Each line of the material must be reproduced exactly; pictures stay out.
☆ ☆ ☆ ☆
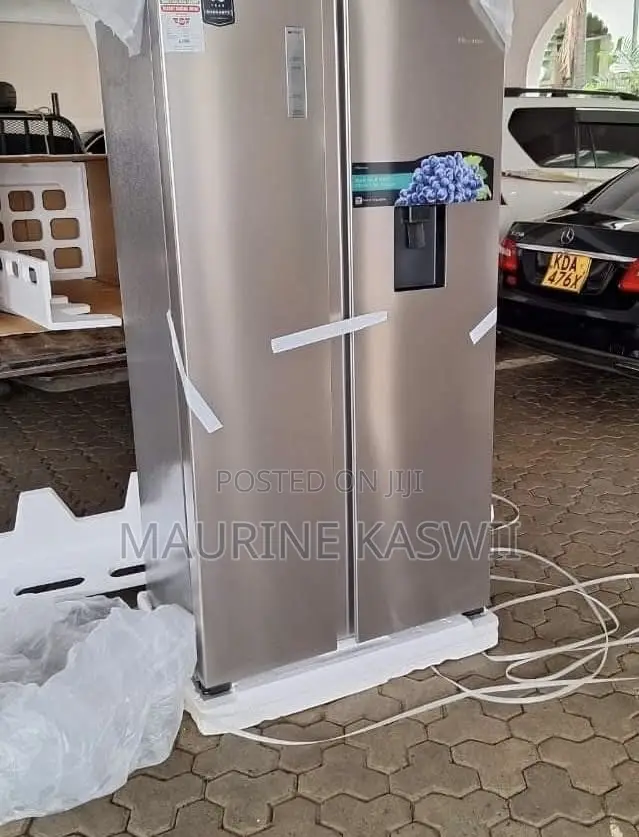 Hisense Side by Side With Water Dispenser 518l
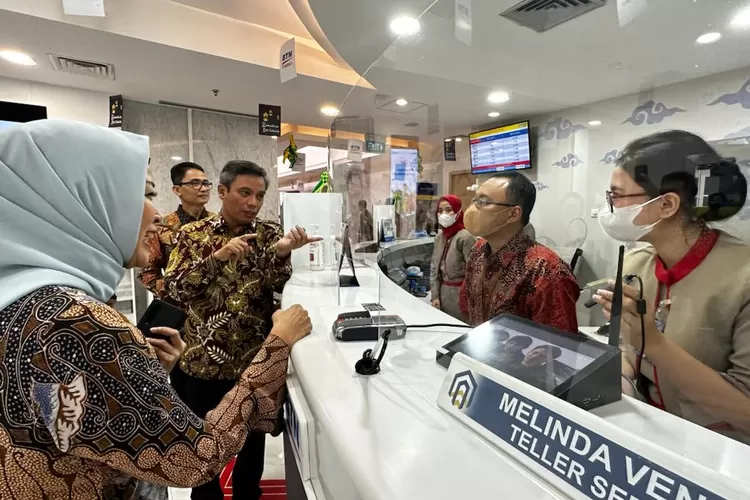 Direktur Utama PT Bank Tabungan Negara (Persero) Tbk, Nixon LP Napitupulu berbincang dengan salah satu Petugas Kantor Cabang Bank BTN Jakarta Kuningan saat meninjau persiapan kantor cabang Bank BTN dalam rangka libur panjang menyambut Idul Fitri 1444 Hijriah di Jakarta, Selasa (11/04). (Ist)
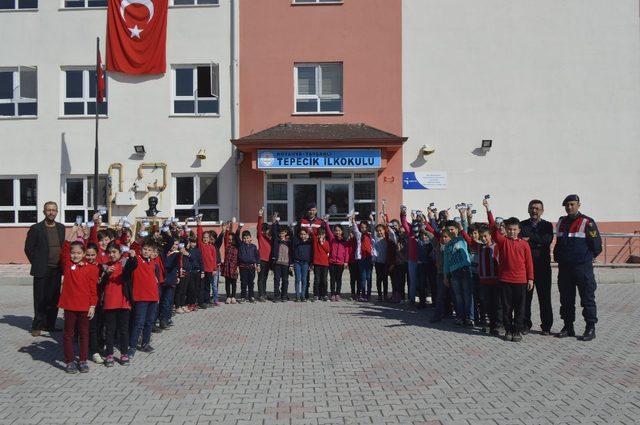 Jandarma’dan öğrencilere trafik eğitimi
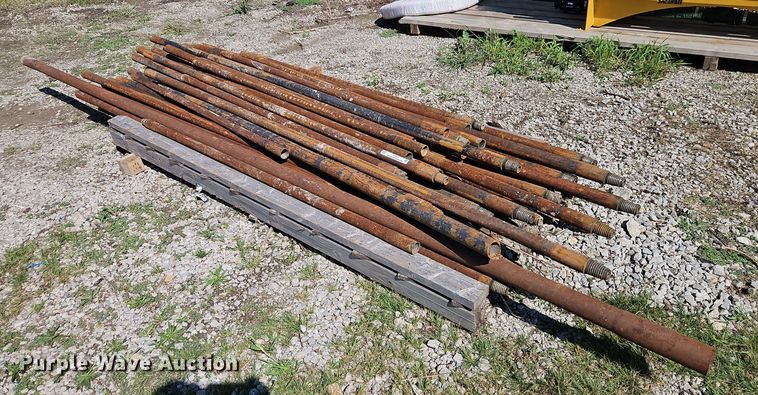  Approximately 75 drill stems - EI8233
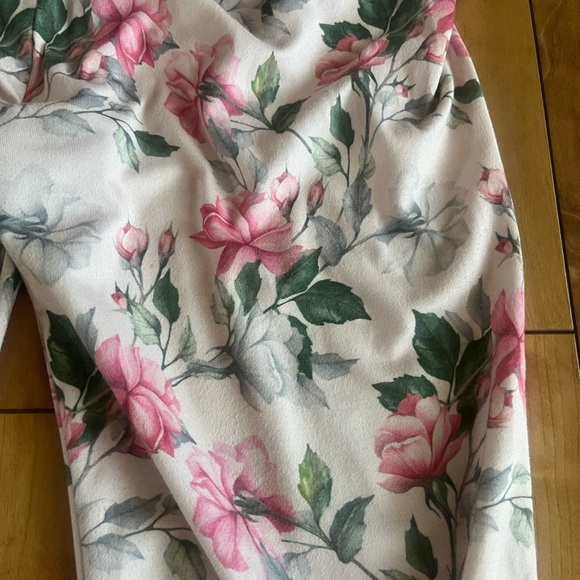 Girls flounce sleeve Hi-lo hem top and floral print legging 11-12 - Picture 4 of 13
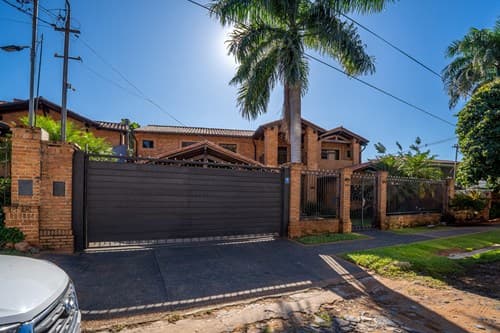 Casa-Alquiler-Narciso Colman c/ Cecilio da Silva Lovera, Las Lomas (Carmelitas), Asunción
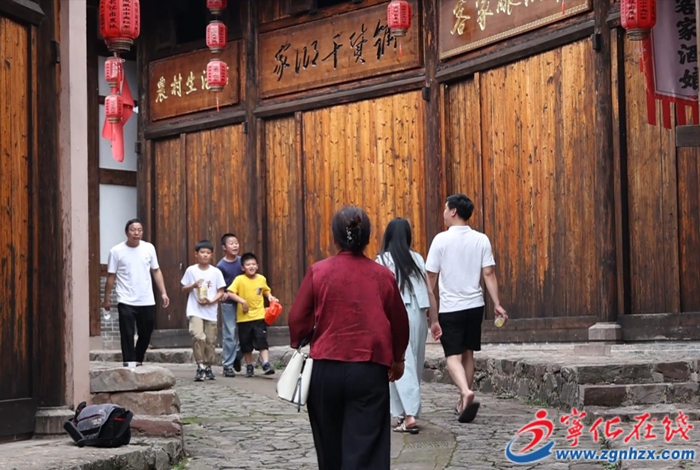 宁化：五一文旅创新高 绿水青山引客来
☆ ☆ ☆ ☆
RESULT OF THIS EXERCISE:
 Hisense Side by Side With Water Dispenser 518l
 Direktur Utama PT Bank Tabungan Negara (Persero) Tbk, Nixon LP Napitupulu berbincang dengan salah satu Petugas Kantor Cabang Bank BTN Jakarta Kuningan saat meninjau persiapan kantor cabang Bank BTN dalam rangka libur panjang menyambut Idul Fitri 1444 Hijriah di Jakarta, Selasa (11/04). (Ist)
 Jandarma’dan öğrencilere trafik eğitimi
  Approximately 75 drill stems - EI8233
 Girls flounce sleeve Hi-lo hem top and floral print legging 11-12 - Picture 4 of 13
 Casa-Alquiler-Narciso Colman c/ Cecilio da Silva Lovera, Las Lomas (Carmelitas), Asunción
 宁化：五一文旅创新高 绿水青山引客来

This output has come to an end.